Blogging When It is Not Allowed

Posted on September 22, 2005 in Blogging Censorship Courage & Activism

square160I don’t normally tout books (and who reads this blog anyways?) but a recent release from Reporters without Borders caught my eye and it directly pertains to the topic of blogging. Why is this book important? Let’s just say that in more than a few places, you can be imprisoned or even killed for blogging.

The description of the pdf file (which is free) says, in part:

Blogs get people excited. Or else they disturb and worry them. Some people distrust them. Others see them as the vanguard of a new information revolution. Because they allow and encourage ordinary people to speak up, they’re tremendous tools of freedom of expression.
Bloggers are often the only real journalists in countries where the mainstream media is censored or under pressure. Only they provide independent news, at the risk of displeasing the government and sometimes courting arrest.
Reporters Without Borders has produced this handbook to help them, with handy tips and technical advice on how to to remain anonymous and to get round censorship, by choosing the most suitable method for each situation. It also explains how to set up and make the most of a blog, to publicise it (getting it picked up efficiently by search-engines) and to establish its credibility through observing basic ethical and journalistic principles.

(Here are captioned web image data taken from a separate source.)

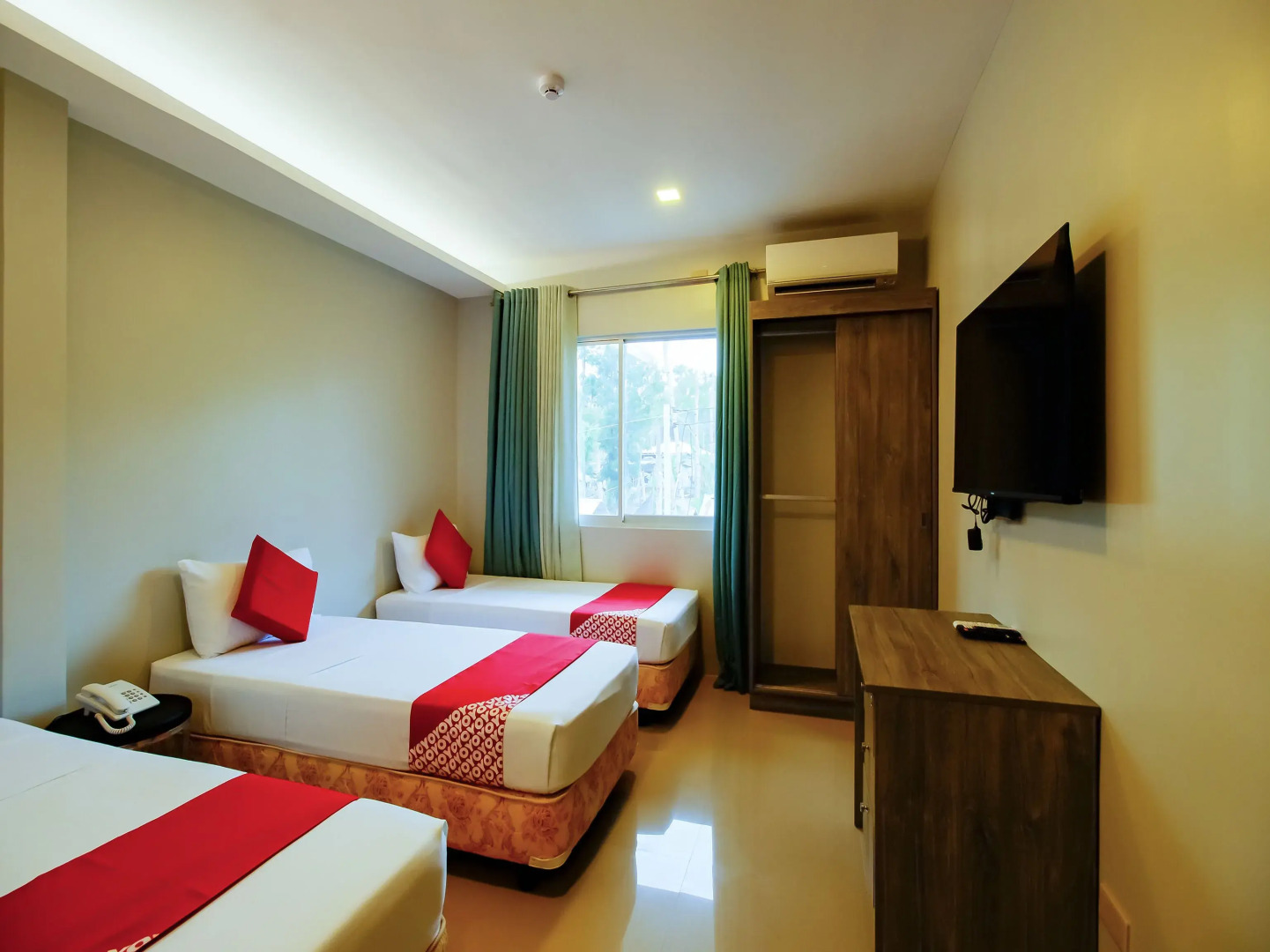 Vaccinated Staff -  849 Carcar Eco Farm Resorts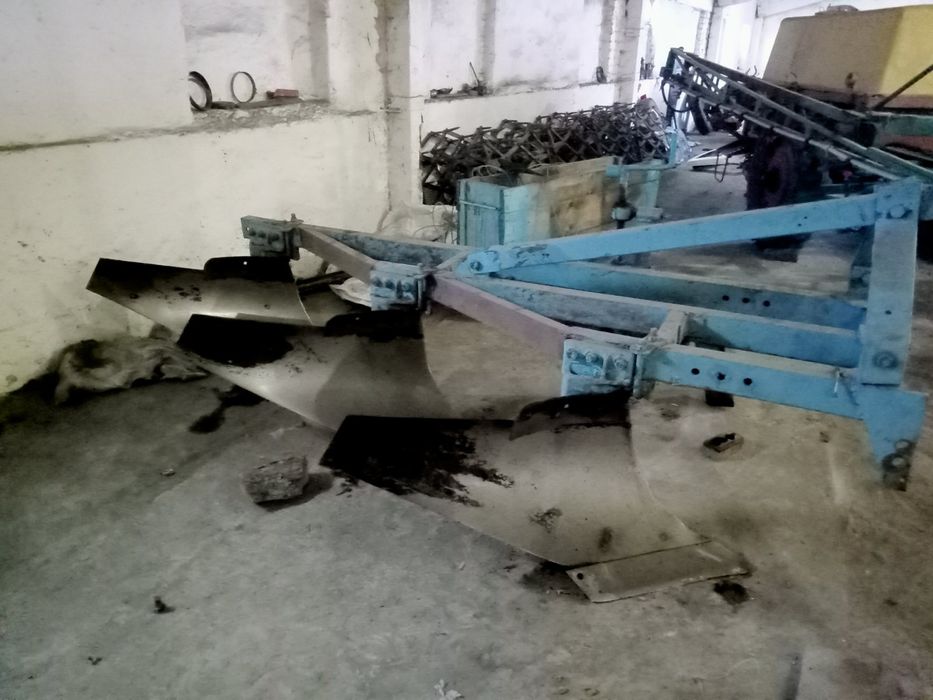 Плуг  3 корпусний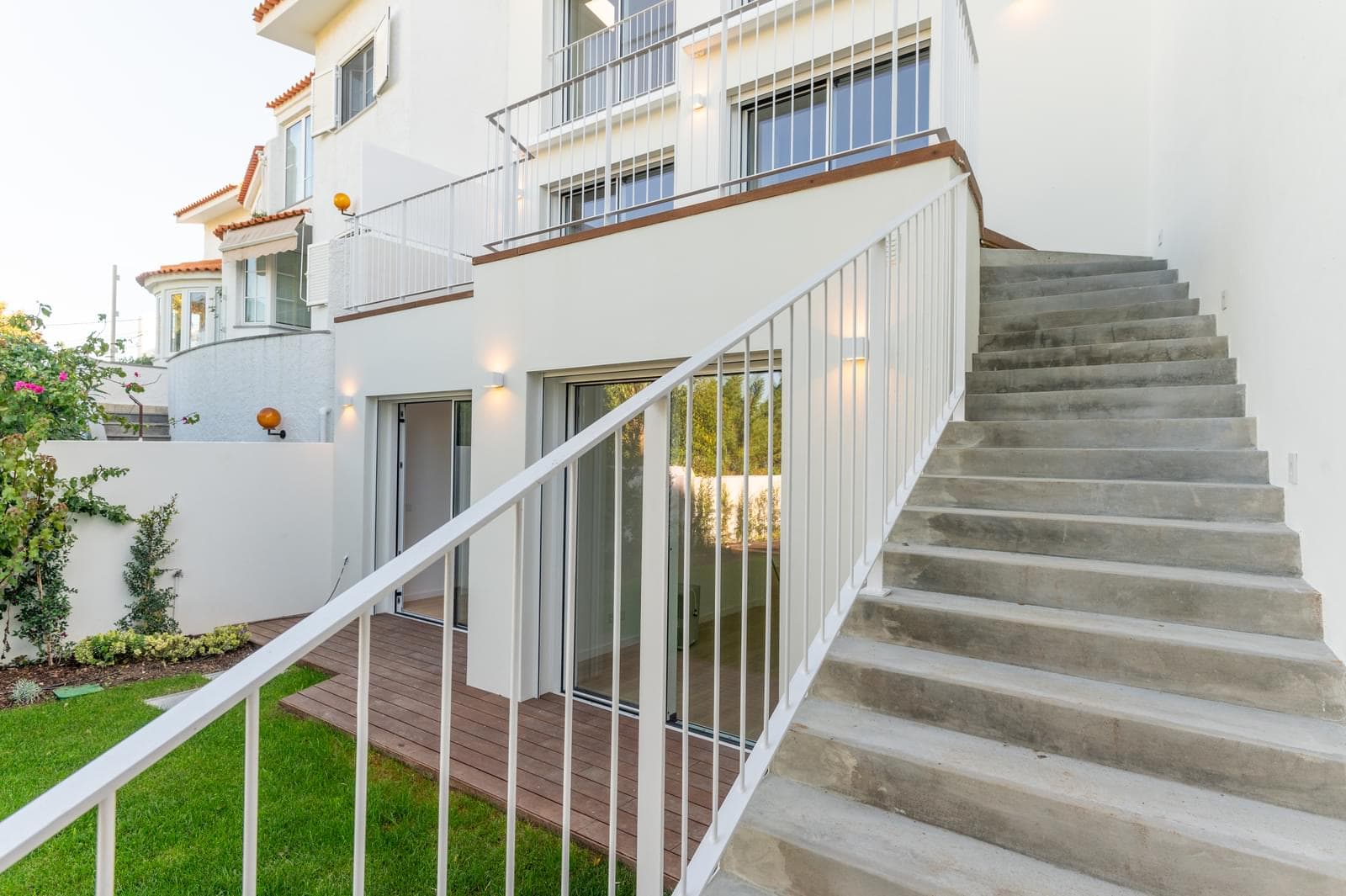 4 Bedroom House with swimming pool, Monte Estoril, Cascais - Image 16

I found the first sentence of the second paragraph telling: Bloggers are often the only real journalists in countries where the mainstream media is censored or under pressure. And this is true in the United States where, often, the only critical analyses of our government and the puppet media come from electronic media. We have, on occassion, united our voices to overturn a reactionary zealot as we did when Trent Lott praised segregation. On the other hand, American bloggers wimped out when the War in Iraq was being pushed. Only a few of us, a very very few, have any right to say “We told you so.” And that is so very sad: we have yet to learn to use our minds and flex our power for change.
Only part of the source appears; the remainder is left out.